*Exercise brief*: The records below hold pictures; please leave those out and retype the rest exactly.

*Record set*:

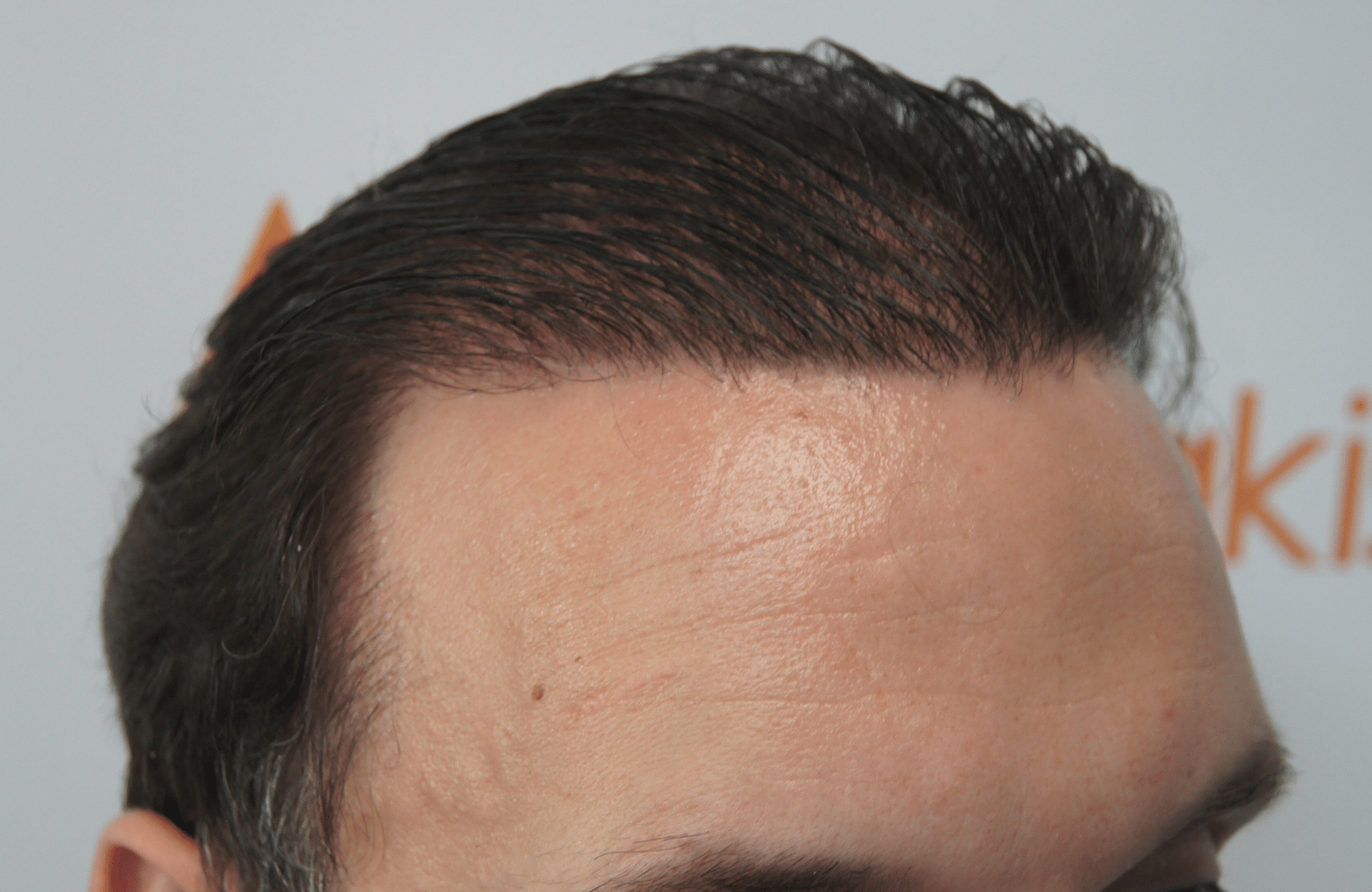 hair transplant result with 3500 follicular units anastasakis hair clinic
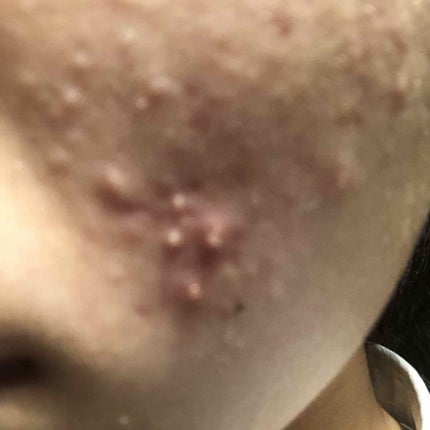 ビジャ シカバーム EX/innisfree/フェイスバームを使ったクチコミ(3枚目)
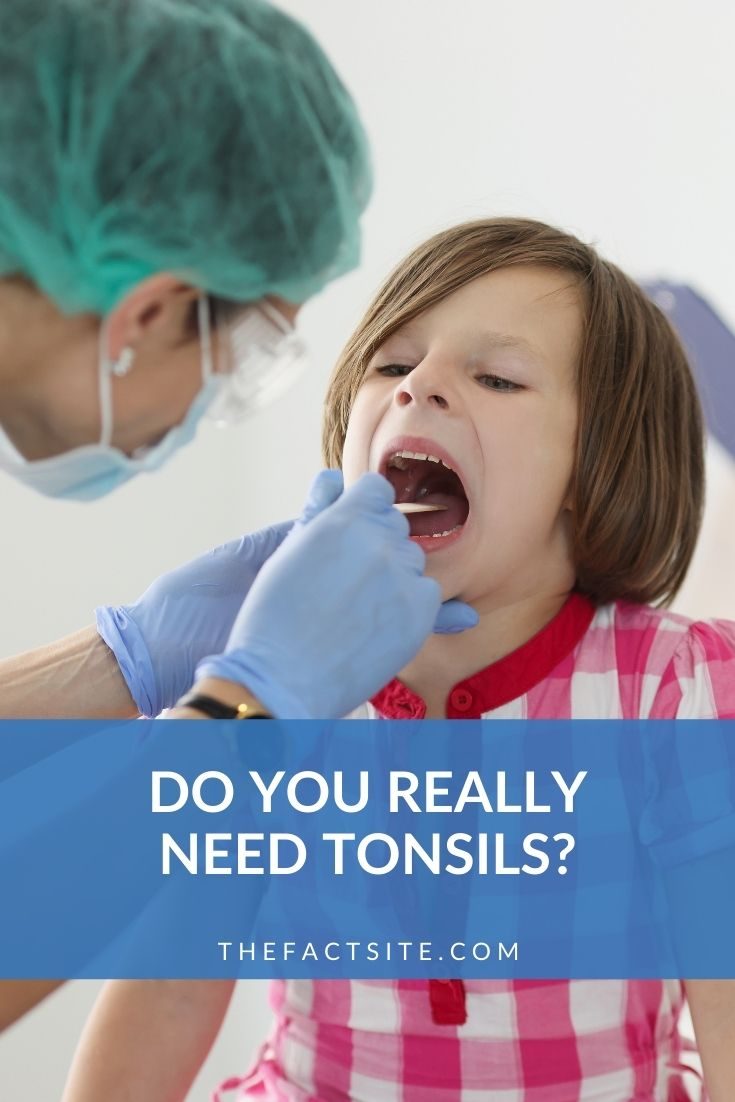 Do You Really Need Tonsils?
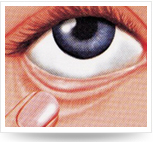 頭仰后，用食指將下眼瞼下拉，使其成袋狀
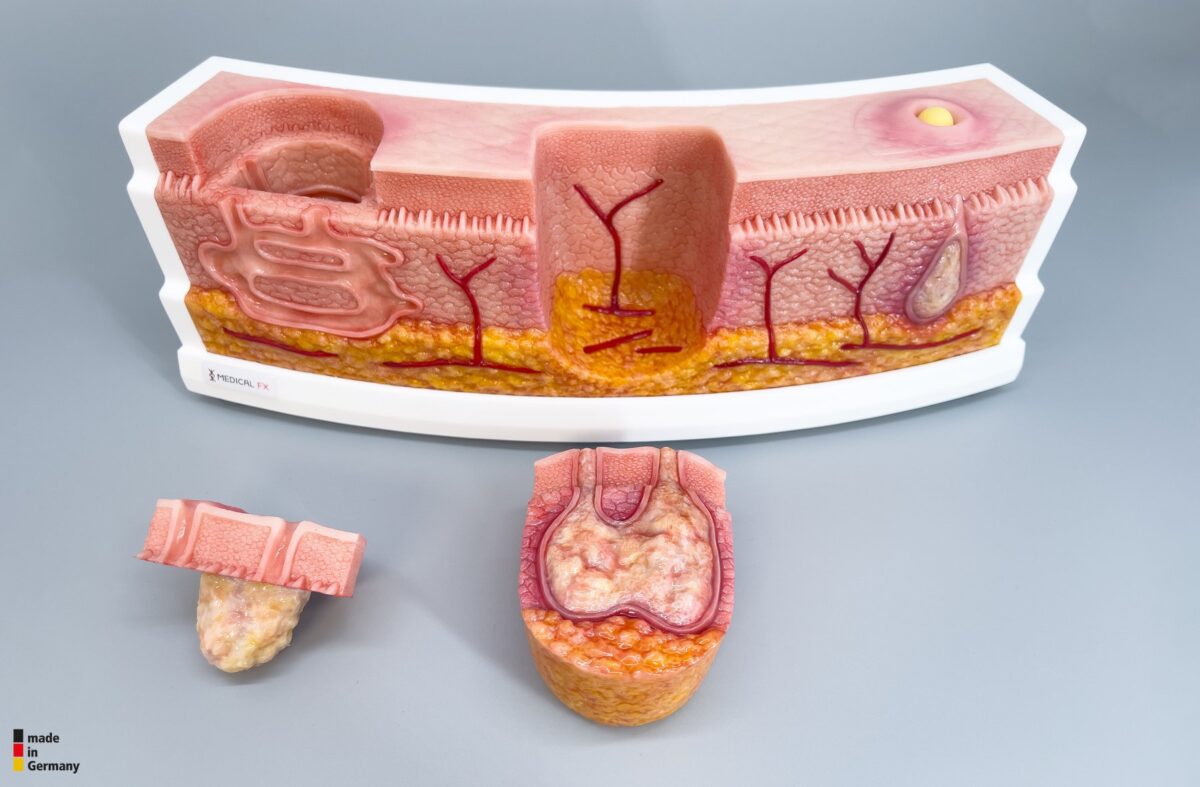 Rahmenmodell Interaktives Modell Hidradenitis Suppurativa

*Task answer*:
 hair transplant result with 3500 follicular units anastasakis hair clinic
 ビジャ シカバーム EX/innisfree/フェイスバームを使ったクチコミ(3枚目)
 Do You Really Need Tonsils?
 頭仰后，用食指將下眼瞼下拉，使其成袋狀
 Rahmenmodell Interaktives Modell Hidradenitis Suppurativa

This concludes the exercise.